Jésus, prière de Dieu lancée vers l’homme, et prière de l’homme lancée vers Dieu.

 

7. Il donne de la chair à l’affirmation divine

 

Comment peut-on dire « Mon Jésus » ? Il est insaisissable. Il traverse les frontières. Il n’appartient à personne. Il n’est pas à la disposition d’une institution ou d’une Église quelconque. Il nous échappe. Mais il laisse des traces indélébiles dans la mémoire des hommes. Il ne cesse de nous faire signe. Inlassablement il fait comprendre que Dieu aime, accueille, sauve, redresse, réconforte et renouvelle. L’être humain qui se tourne vers lui a directement accès au Dieu vivant sans passer par les sacrifices, les rites et les dogmes.

  Il vit dans le retrait et la discrétion au point qu’on ne sait pas sur quel pied danser. Il est guérisseur parmi les guérisseurs, prophète parmi les prophètes, annonciateur parmi les annonciateurs. Il nous fait signe. Il nous donne la main.

  Et voilà que nous nous enlisons dans l’équivoque. Nous restons indécis, voire interdits. Pourtant il est le seul à donner de la chair, du corps et de la chaleur humaine à l’affirmation divine.

  La tradition ose des déclarations abruptes : « Je suis le chemin, la vérité, la vie, la résurrection, la nourriture… » Cette prétention déclarative contraste avec des oeuvres indécidables.

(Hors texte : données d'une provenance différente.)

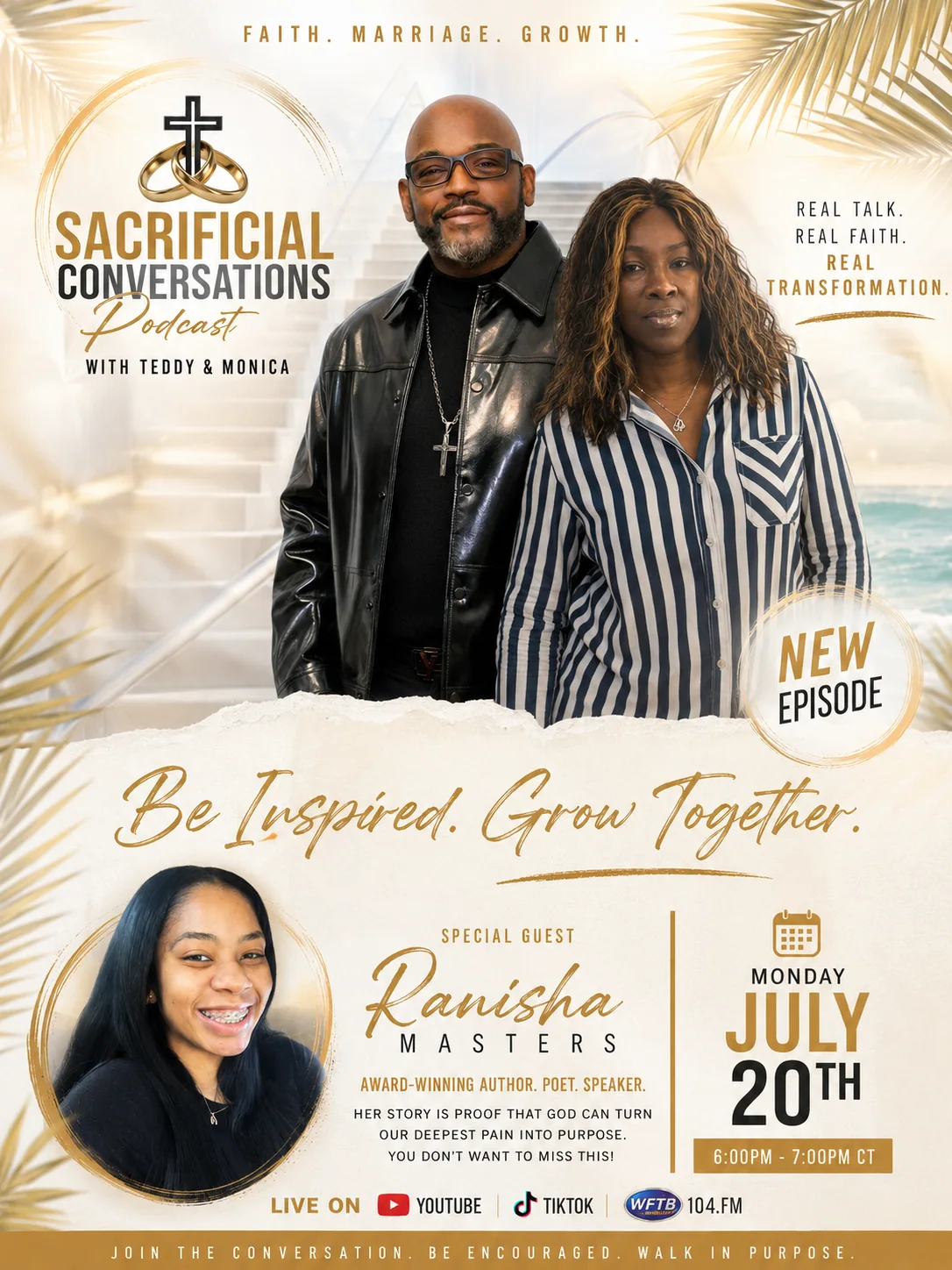 Sacrificial Conversations new episode campaign flyer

  Vivre sur les traces de Jésus de Nazareth, c’est surmonter l’inconnaissance divine. Sur ce chemin, je pressens que ce Juif obscur est en fait la bénédiction suprême de l’homme.
  Cette intuition ne saurait s’imposer. Mais j’aimerais dire que cette bénédiction prend la forme décisive d’un être concret, singulier, historique et vulnérable.

  En tout ce qu’il dit et fait ou ce qu’on lui fait dire et faire – peu importe au fond – il est une prière de Dieu lancée vers l’homme, et, en même temps, une prière de l’homme lancée vers le Dieu des lumières.

  Ô Jésus, maître et merveilleux compagnon, en ces nuits et ces jours que nous traversons.